Khoi chief Stuurman’s remains back from Australia
A traditional ritual was conducted to repatriate the spirit of Khoi Chief David Stuurman at a ceremony held in Sydney, Australia by a delegation led by Pemmy Majodina the MEC for Sport, Recreation, Arts and Culture.
The ceremony took place on Tuesday 13 June, with the delegation comprise members of the Stuurman family meetting the progressive Aborigines Cultural Groups to share ideas on spiritual repatriation and also conduct the spiritual re- patriation through traditional rituals at the Sydney Central Railway Station.
This entailed utilising local tree branches for traditional ritual purposes, and that includes umphafa tree that was taken to Australia with the delegation as part of their baggage, and come back with it carrying the spirit.
Khoi Chief David Stuurman was a political activist who was detained at Robben Island by the British Colonial Administration in the 1800s. He was one of only a handful who ever staged a successfully escape from the island (three times).

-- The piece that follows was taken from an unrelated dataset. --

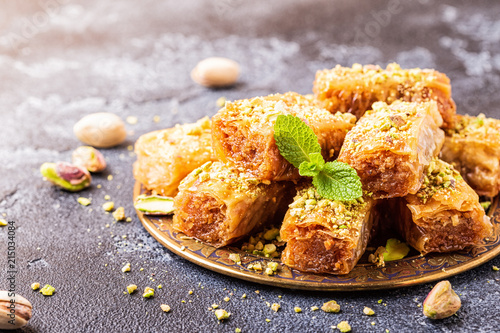 Homemade baklava with nuts and honey. photo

Recaptured in 1820, Stuurman was transported to New South Wales in 1823, along with several other South Africans convicted of breaking colonial laws. Records show that he died in 1830, aged 51, at the Sydney Infirmary, in Macquarie Street.

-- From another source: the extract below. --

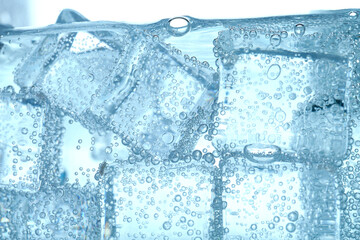 Soda water with bubbles and ice cubes in glass, closeup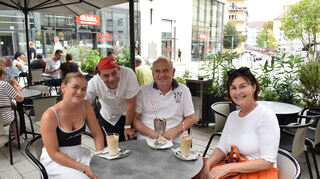 Sitzen im Café Fontanella auf dem Münzplatz mit einem Eiskaffee: Anik (v. l.), Martin und Iris mit Kellner Rino.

Stuurman’s remains are said to have been exhumed from their original internment and reburied in a mass grave in a cemetery that now forms part of the Sydney Memorial Park.

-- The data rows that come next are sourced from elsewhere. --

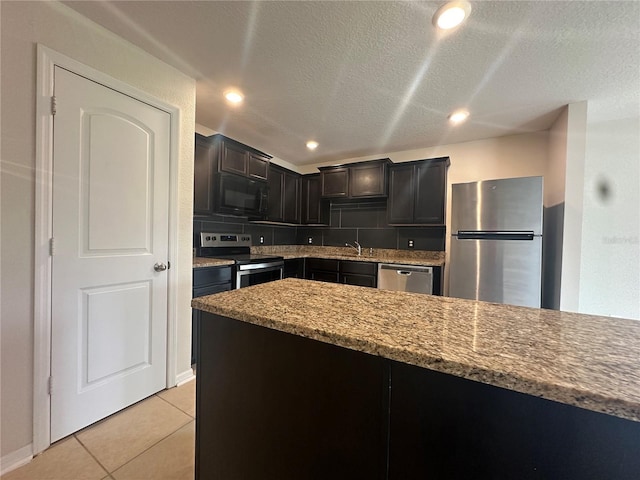 kitchen with light stone countertops, appliances with stainless steel finishes, backsplash, a textured ceiling, and light tile patterned floors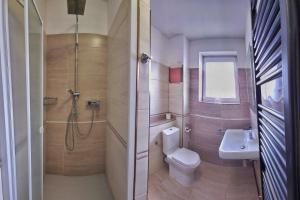 a bathroom with a shower and a toilet and a sink at MOTOREST-PENSION U HRACHŮ,s.r.o. in Klatovy +15 photos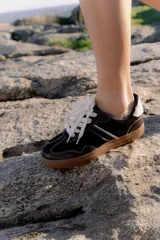 Zapatillas bajas de cuero color marrón oscuro con detalles en blanco y suela de goma color caramelo.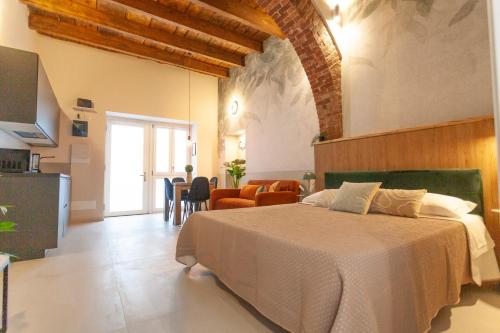 a bedroom with a large bed and a dining room at Switch Holiday 312 in La Spezia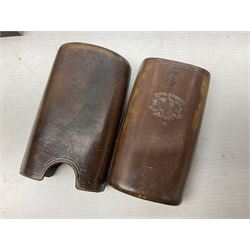 Victorian leather cigar protector with metal match striking plate on the end and internal spring to hold the cigars in place; expands for differing lengths of cigar, minimum L12.5cm; another similar leather cigar case marked Middlemore's Patent with attached vesta case and striker; three Bryant & Mays tin-late matchbox holders including 1935 Jubilee; and small box of matches (6)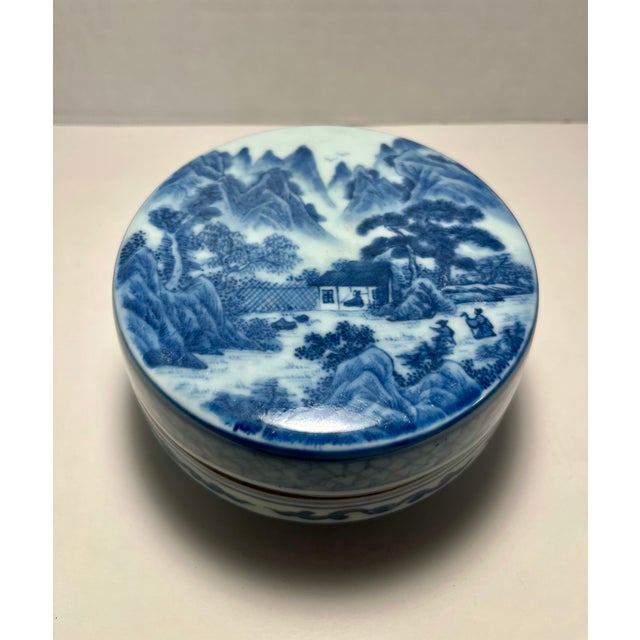 Offered is a beautiful circa 1930s Chinese Republic Period hand-painted blue and white porcelain powder box featuring...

During the ceremony, MEC Majodina said “the a spiritual repatriation of Chief Stuurman has been a long time coming and its imperative in preservation of history and advancing social cohesion through the sharing of our cultural indigenous beliefs and persuasions.”
Family spiritual and traditional rituals are expected to continue this week in Peddie, and Chief Stuurman is expected to be spiritually re-buried today at Sarah Baarthman Heritage Centre in Hankey.